A study limitation is the potential lack of generalizability. Replicating the study in diverse settings would be necessary to establish the external validity of the identified dimensions. Moreover, the decision to include 400 respondents was driven by practical considerations using a rule-of-thumb principle without formal sample size estimation. Although this approach is in line with conventional practices, it is important to recognise that sample size estimation involves multiple considerations, and the adequacy of the sample size remains uncertain. Another limitation arises from the reliance on self-reported measures for determining inclusion and exclusion criteria, introducing the potential for participant selection bias. However, including a non-responder analysis provides confidence that any selection bias is likely minimal in this study.

Clinical Implications

The identification of three factors in the WORQ underscores the complexity of workability in individuals with LBP, aligning with the biopsychosocial model. This insight equips healthcare professionals to tailor rehabilitative interventions. As depicted in the boxplot (Fig. 2), our population was mostly affected in their physical functioning and psychological wellbeing. How this information is best translated into clinical practice must rely on an individual clinical evaluation.

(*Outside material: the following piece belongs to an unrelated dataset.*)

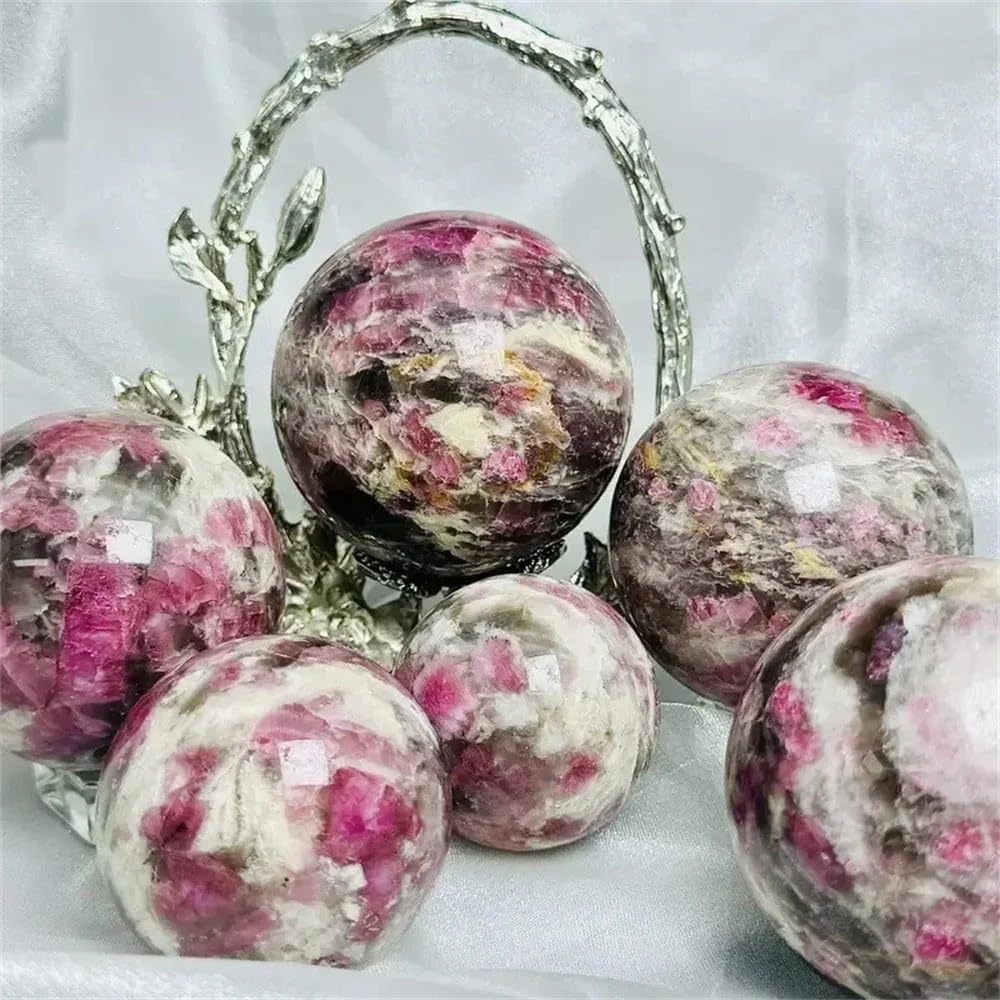 1pc 510-600g Plum Agate Crystal Quartz Ball Hand-Polished And Polished Suitable For Home And Office Decoration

Nonetheless, we find that the WORQ holds promise for structured communication in rehabilitation, aiming to optimise work performance for individuals with persistent LBP. Still, validation across diverse populations and settings, alongside exploring variables like work absenteeism and presenteeism (at-work productivity loss), is needed.

Conclusion

WORQ is a valid instrument for assessing work limitations in individuals with persistent LBP. The EFA identified three key factors: psychological wellbeing, physical functioning, and cognitive ability. These factors align with the common challenges that patients with LBP face and support the use of the ICF framework. Further research should assess its responsiveness to changes from interventions that target workability. Advancing this knowledge has the potential to promote work rehabilitation and improve the quality of life for patients with persistent LBP.